Las derechas latinoamericanas debieron lidiar en estos años con importantes desafíos: si ya habían
superado en buena medida el lastre de su pasado autoritario, la década del 2000 trajo una
hegemonía de gobiernos de izquierda y nacional-populares poderosos electoralmente, que hicieron
del neoliberalismo su principal antagonista. En este contexto, las derechas de la región, para ser
competitivas electoralmente (1), debieron lograr al menos dos cosas: encontrar un espacio de
representación bien definido, por fuera del proyecto que representaban las fuerzas de izquierda en
el poder, y, al mismo tiempo, aceptar como piso los bienes colectivos conquistados por dichos
gobiernos para proponer una redefinición de la relación entre el Estado y la sociedad. En definitiva,
debieron aceptar una cierta "derrota" en el plano de las ideas mientras ensayaban una crítica
institucional capaz de construir mayorías.

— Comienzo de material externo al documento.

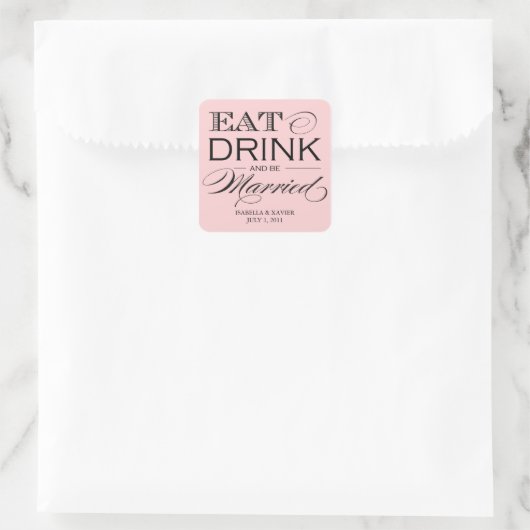 Licht roze Eet, Drink | STICKERS (Tas)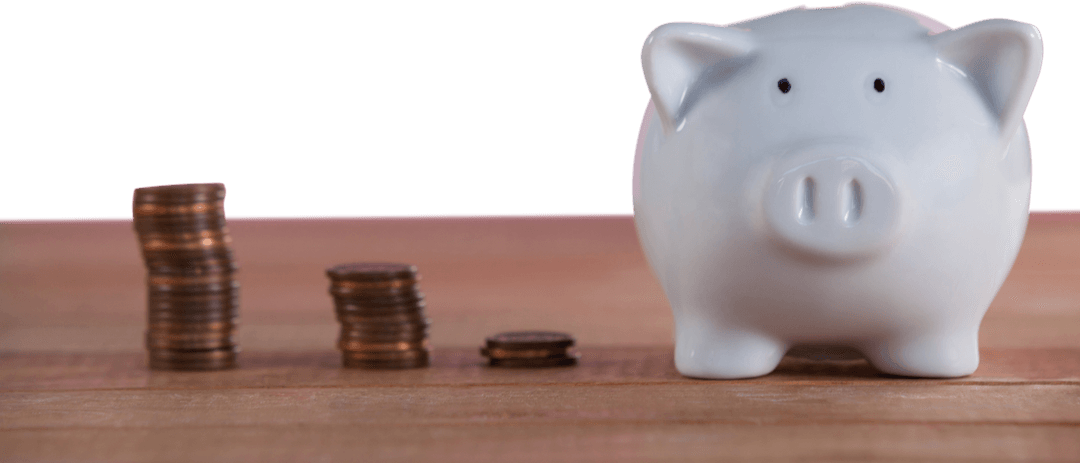 Transparent Vignette of Savings with Coins and Piggy Bank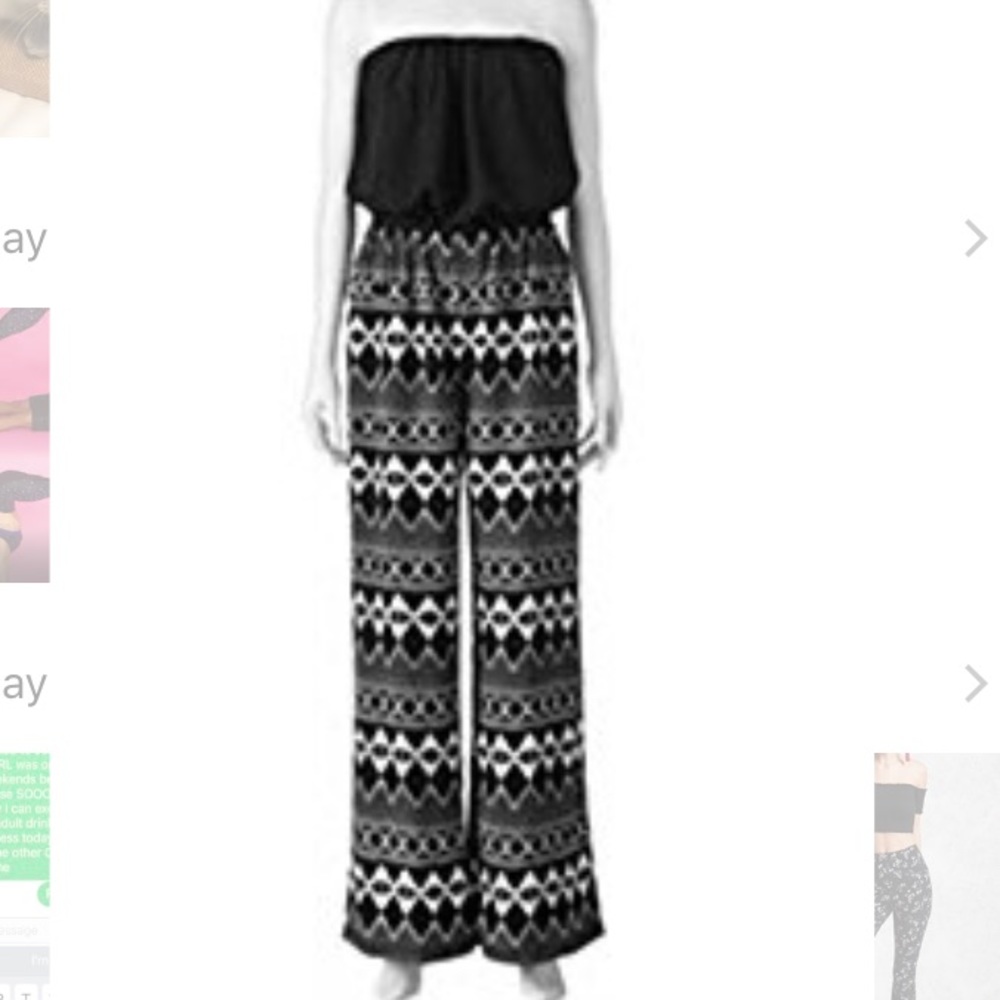 Strapless Patterned Flowy Jumpsuit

Fue la agenda institucional -"republicana", si reducimos el concepto a su interpretación más liberalla
que permitió elaborar una crítica más o menos consistente a esos gobiernos y la que también
permitió delimitar los contornos de lo no representado por las fuerzas políticas de izquierda, que
tendieron a concentrar el poder en los Ejecutivos y a reformar algunas instituciones con un sentido
democratizador no siempre bien argumentado (los medios de comunicación, la Justicia). En muchos
casos, como en Argentina, Ecuador y Venezuela, esto despertó el rechazo de los actores más
poderosos de esas instituciones -lo que se suele llamar "intereses sectoriales"- y de buena parte de
la ciudadanía.
Esta agenda institucional de las nuevas derechas servía también para hacer pasar la crítica al
intervencionismo estatal como lucha contra el autoritarismo, en consonancia con un argumento
clásico de los tiempos de la Guerra Fría. Asimismo, la agenda institucional encontró en las
denuncias de corrupción uno de los pilares en los que asentar esa crítica a los abusos de un poder
que se juzgaba demasiado concentrado. Si muchos partidos y líderes progresistas llegaron al poder
con una crítica a la clase política en base a la idea de que su permeabilidad a los poderes
económicos se traducía en prácticas corruptas, esta agenda se fue abandonando paulatinamente,
de modo que quedó disponible para las fuerzas de oposición en general, y de centroderecha en
particular. La agenda anticorrupción perdió sus aristas críticas a la connivencia entre actores
políticos y actores económicos y fue redefinida como una lógica de construcción de poder estatal
contra la sociedad.
De este modo, las fuerzas que desde el Estado avanzaban con estrategias de protección de los
ciudadanos mediante la expansión de los derechos sociales y culturales comenzaron a aparecer
como amenazas a esa ciudadanía, en su denunciada voracidad depredadora de lo público.